Exercise objective: Reproduce, word for word, the lines in the material below starting with the one that has "2023 Cadillac CT4-V V-Series Blackwing" and going on through the one that has "Lang Son Long Vu Hotel מראה חיצוני תמונה". Leave out all pictures.

Provided material:
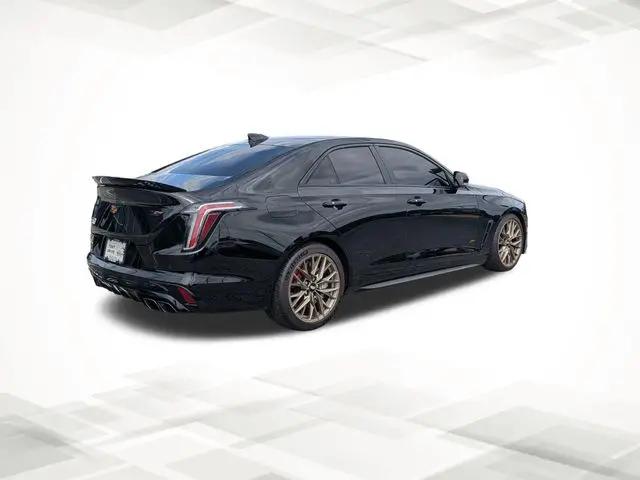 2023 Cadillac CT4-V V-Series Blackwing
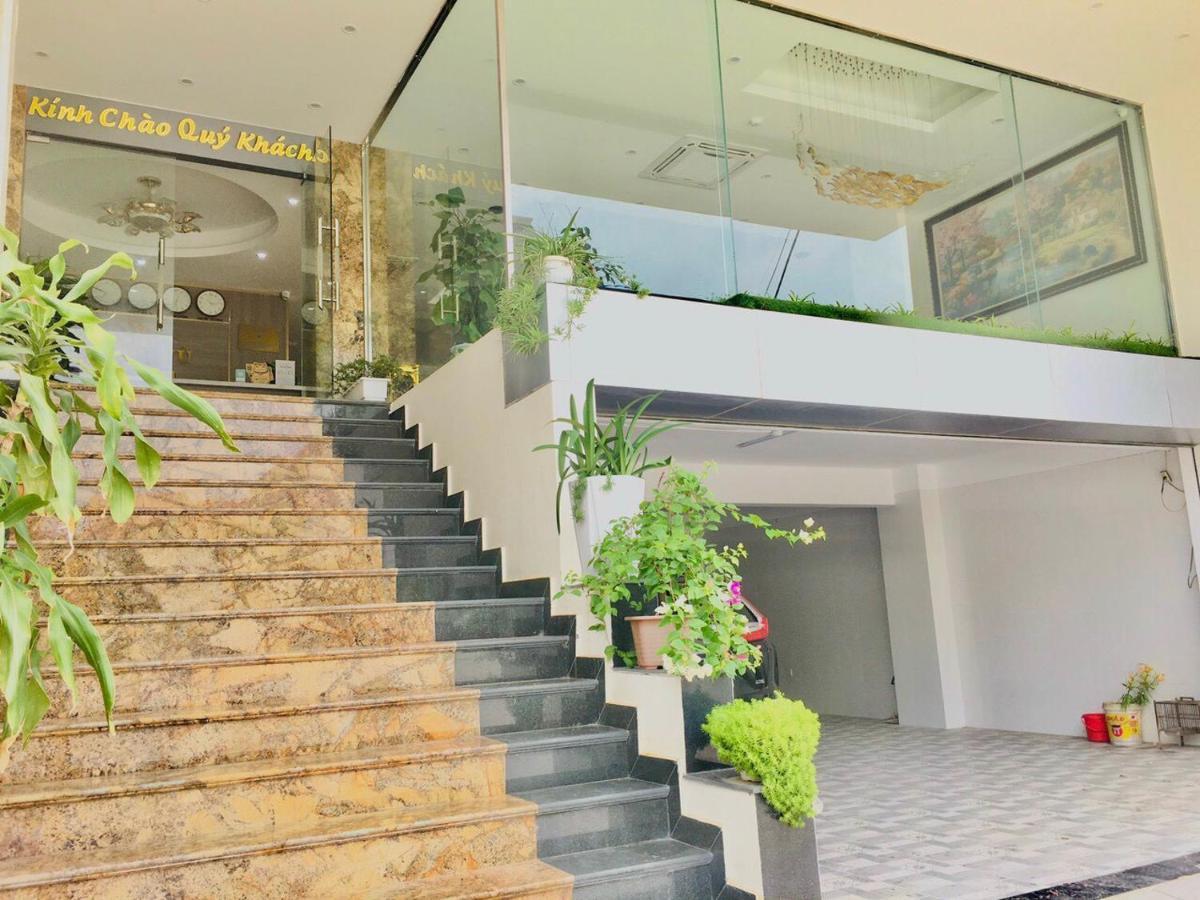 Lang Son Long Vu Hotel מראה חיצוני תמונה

--

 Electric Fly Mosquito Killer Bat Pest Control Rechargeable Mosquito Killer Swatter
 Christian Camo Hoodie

--

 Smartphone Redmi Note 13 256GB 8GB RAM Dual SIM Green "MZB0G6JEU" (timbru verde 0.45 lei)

Expected output:
 2023 Cadillac CT4-V V-Series Blackwing
 Lang Son Long Vu Hotel מראה חיצוני תמונה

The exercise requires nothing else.